« Les humains ne sont pas des pions »

Le contrôle de la démographie par l’État est une idée qui passe mal chez les Verts, mais aussi chez certains scientifiques, comme Hervé Le Bras.

Patrick Piro  • 11 juin 2009 abonné·es

Yves Cochet évoque la « surprise » de certains écologistes à sa proposition de limiter la natalité. De fait, le parti a été cueilli à froid, et, selon Martine Billard, « les réactions ont été très vives » , avec des clivages ne recoupant pas nécessairement les courants. « Il n’est pas choquant de parler de démographie, mais ­l’angle d’attaque me paraît absurde, critique la députée Verte. L’objectif écologique est de réduire la consommation mondiale, pas la population, dont la limitation n’est pas un but en soi.

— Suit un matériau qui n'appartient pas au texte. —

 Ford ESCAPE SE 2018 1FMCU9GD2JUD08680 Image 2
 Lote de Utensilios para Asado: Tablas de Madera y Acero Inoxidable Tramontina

Et s’il y a un problème démographique à régler, c’est au Sud et pas au Nord, où la limitation des naissances n’agirait pas par phénomène de vase communicant. Ainsi, le déclin de la population russe n’a guère d’impact sur l’ensemble du problème. Les humains ne sont pas des pions que l’on déplace à sa guise. On connaît bien le levier pour agir sur la natalité : c’est l’éducation des femmes. Plus elles seront formées, au Sud, et moins elles auront d’enfants. »
Les femmes, justement : « On les vise en stigmatisant le ”3e ventre”. Seraient-elles les responsables ? » Arlette Zilberg regrette pour sa part qu’Yves Cochet se soit isolé en lançant cette petite bombe sans avoir travaillé en amont « avec les partenaires concernés » , et notamment la commission féminisme des Verts, dont elle est responsable.

Hervé Le Bras, spécialiste des liens entre démographie et politique à l’Institut national des études démographiques (Ined), est très hostile à l’intervention de l’État dans le domaine de la natalité : « C’est du ressort de la liberté des couples. Bien qu’en opposition, Yves Cochet joue sur un registre identique aux politiques publiques menées depuis plus d’un siècle : l’obsession du 3e enfant. Par ailleurs, je n’adhère pas à sa vision catastrophiste : la plupart des problèmes que nous avons à résoudre ne sont pas du ressort de la physique mais de mesures sociales et politiques. »
Le démographe approuve cependant le député sur un point : le système des allocations favorise la natalité (les versements font un bond à partir du 3e enfant), sans justification évidente. « Il est par ailleurs très inégalitaire, puisque les allocations pas plus que l’attribution de parts fiscales ne sont indexées sur le revenu des familles. Supprimer les aides à partir du 3e enfant aurait pour effet de défavoriser les familles nombreuses, majoritairement issues des classes modestes ou d’origine immigrée. »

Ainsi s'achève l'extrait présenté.